▶ Task directions
Starting at the top of the records below and ending with the line that contains "After the demonstration, it", print each line exactly as written, skipping the pictures.

▶ Records shown
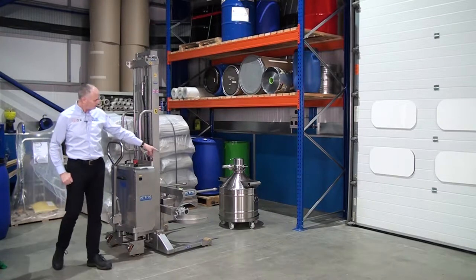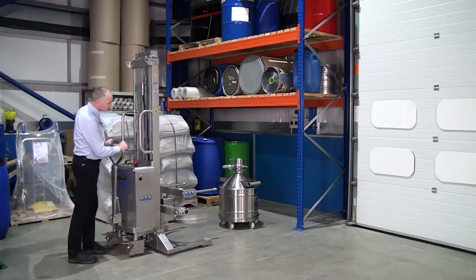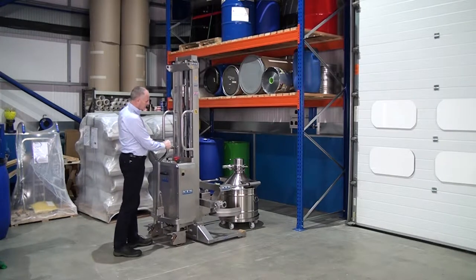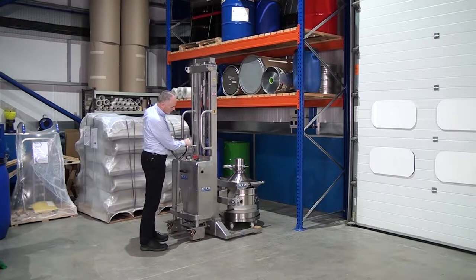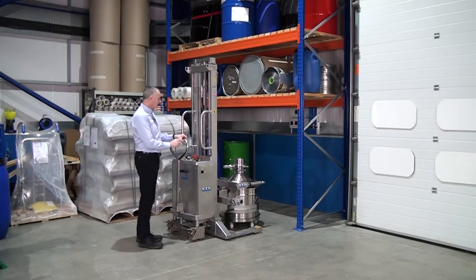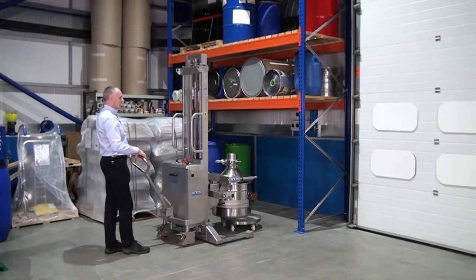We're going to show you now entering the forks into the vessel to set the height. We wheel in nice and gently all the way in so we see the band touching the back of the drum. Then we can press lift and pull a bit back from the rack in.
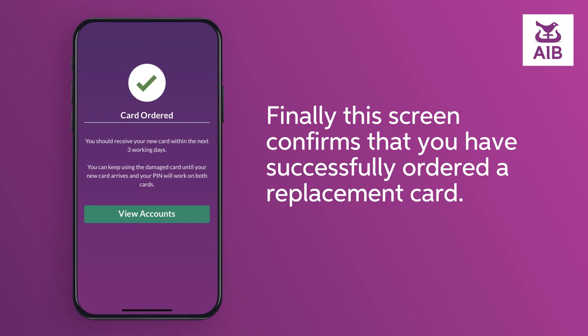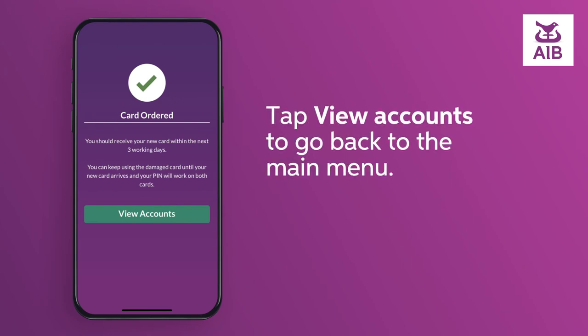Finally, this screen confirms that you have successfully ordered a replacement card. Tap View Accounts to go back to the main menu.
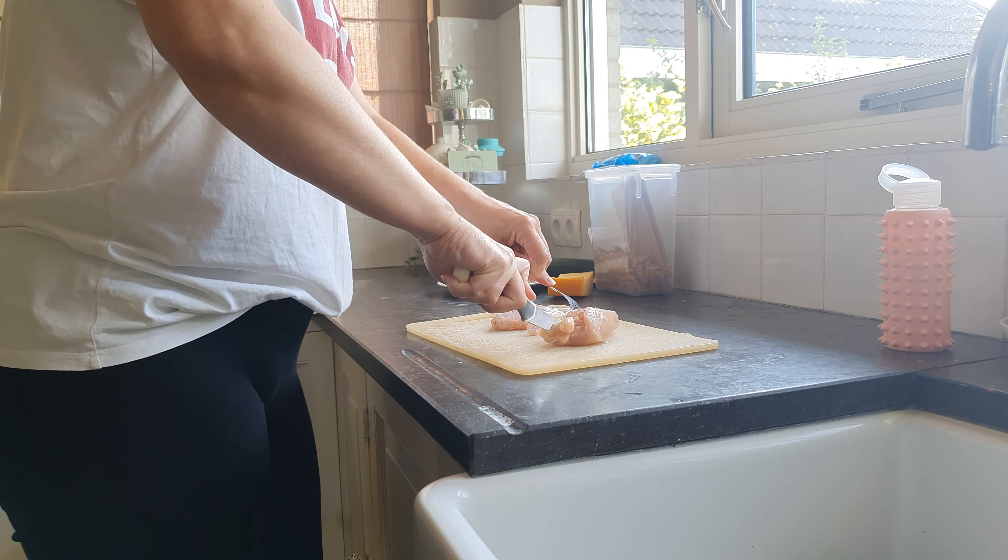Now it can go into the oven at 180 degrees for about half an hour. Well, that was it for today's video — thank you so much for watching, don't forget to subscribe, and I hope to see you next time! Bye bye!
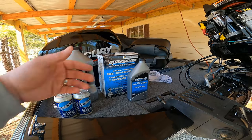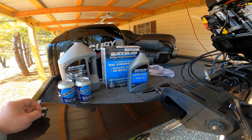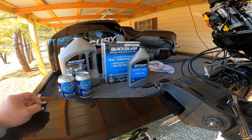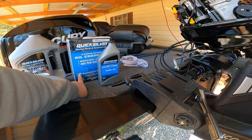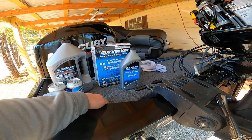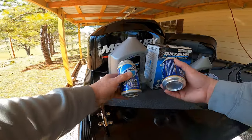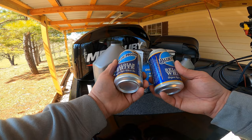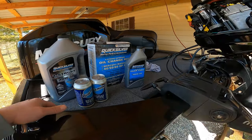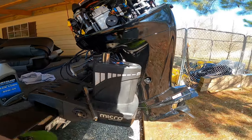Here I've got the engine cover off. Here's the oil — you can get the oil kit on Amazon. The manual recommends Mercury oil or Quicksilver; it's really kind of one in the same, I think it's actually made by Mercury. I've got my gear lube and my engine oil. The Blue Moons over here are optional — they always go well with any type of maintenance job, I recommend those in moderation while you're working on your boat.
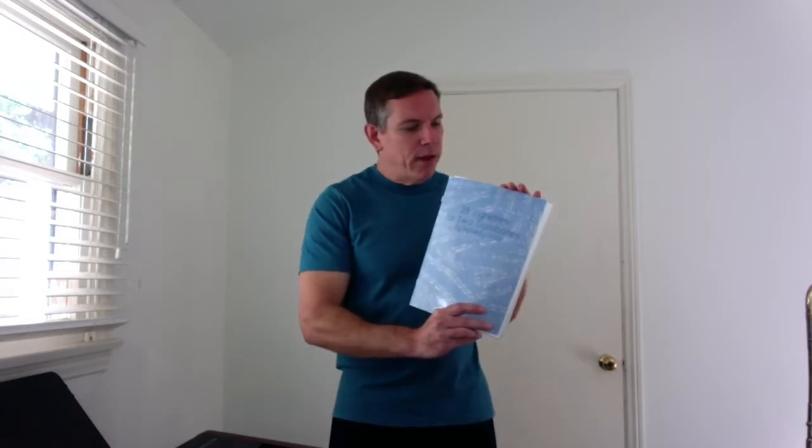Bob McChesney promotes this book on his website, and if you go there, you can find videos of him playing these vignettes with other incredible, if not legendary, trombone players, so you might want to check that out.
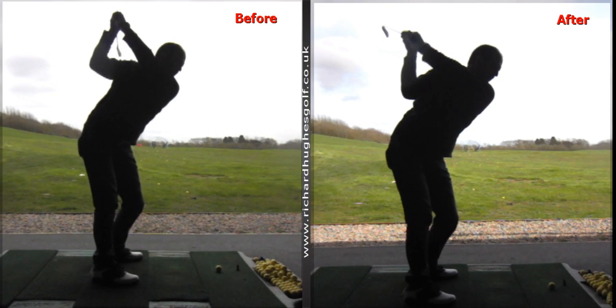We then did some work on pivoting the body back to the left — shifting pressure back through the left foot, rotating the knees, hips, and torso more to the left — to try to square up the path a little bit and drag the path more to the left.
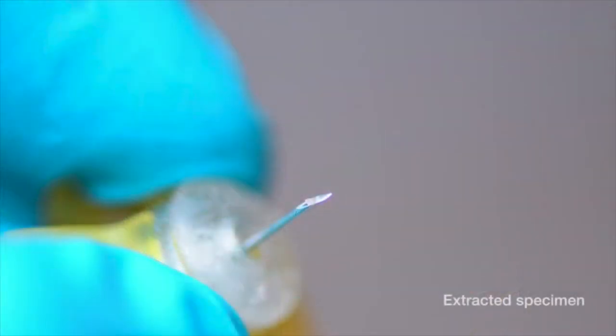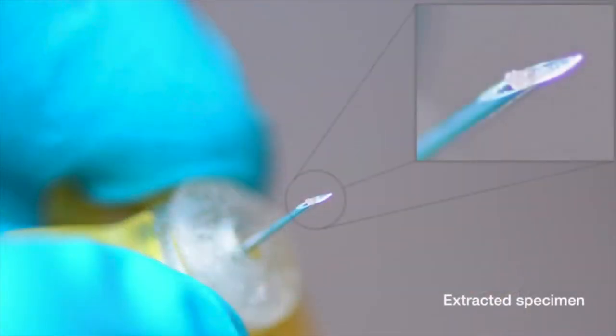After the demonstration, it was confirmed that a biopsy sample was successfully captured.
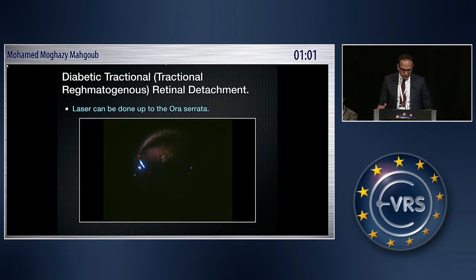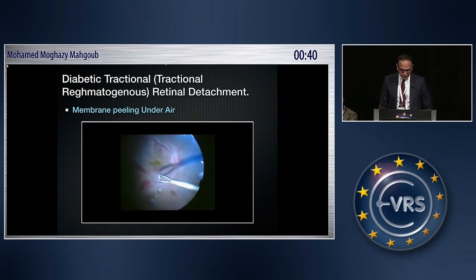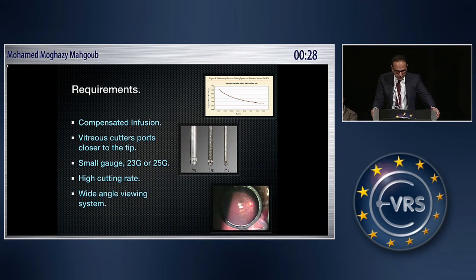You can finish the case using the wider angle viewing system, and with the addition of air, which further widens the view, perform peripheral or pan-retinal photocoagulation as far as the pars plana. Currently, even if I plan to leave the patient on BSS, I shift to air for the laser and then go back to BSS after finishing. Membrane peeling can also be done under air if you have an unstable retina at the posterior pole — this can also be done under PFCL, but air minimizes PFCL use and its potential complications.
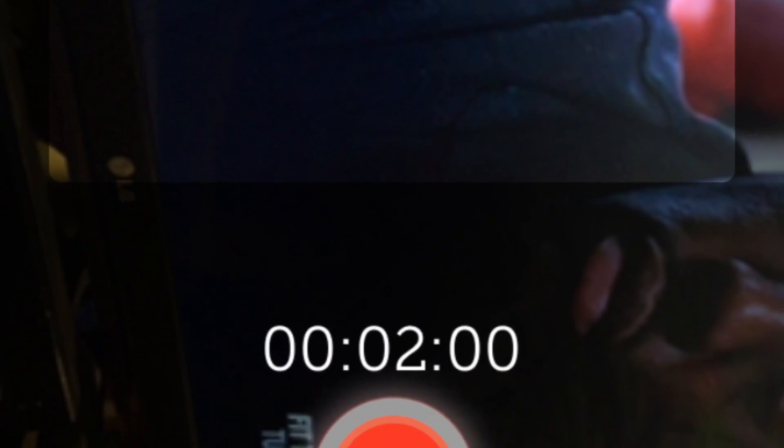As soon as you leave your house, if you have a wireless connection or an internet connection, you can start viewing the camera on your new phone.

▶ Solution
We're going to show you now entering the forks into the vessel to set the height. We wheel in nice and gently all the way in so we see the band touching the back of the drum. Then we can press lift and pull a bit back from the rack in.
Finally, this screen confirms that you have successfully ordered a replacement card. Tap View Accounts to go back to the main menu.
Now it can go into the oven at 180 degrees for about half an hour. Well, that was it for today's video — thank you so much for watching, don't forget to subscribe, and I hope to see you next time! Bye bye!
Here I've got the engine cover off. Here's the oil — you can get the oil kit on Amazon. The manual recommends Mercury oil or Quicksilver; it's really kind of one in the same, I think it's actually made by Mercury. I've got my gear lube and my engine oil. The Blue Moons over here are optional — they always go well with any type of maintenance job, I recommend those in moderation while you're working on your boat.
Bob McChesney promotes this book on his website, and if you go there, you can find videos of him playing these vignettes with other incredible, if not legendary, trombone players, so you might want to check that out.
We then did some work on pivoting the body back to the left — shifting pressure back through the left foot, rotating the knees, hips, and torso more to the left — to try to square up the path a little bit and drag the path more to the left.
After the demonstration, it was confirmed that a biopsy sample was successfully captured.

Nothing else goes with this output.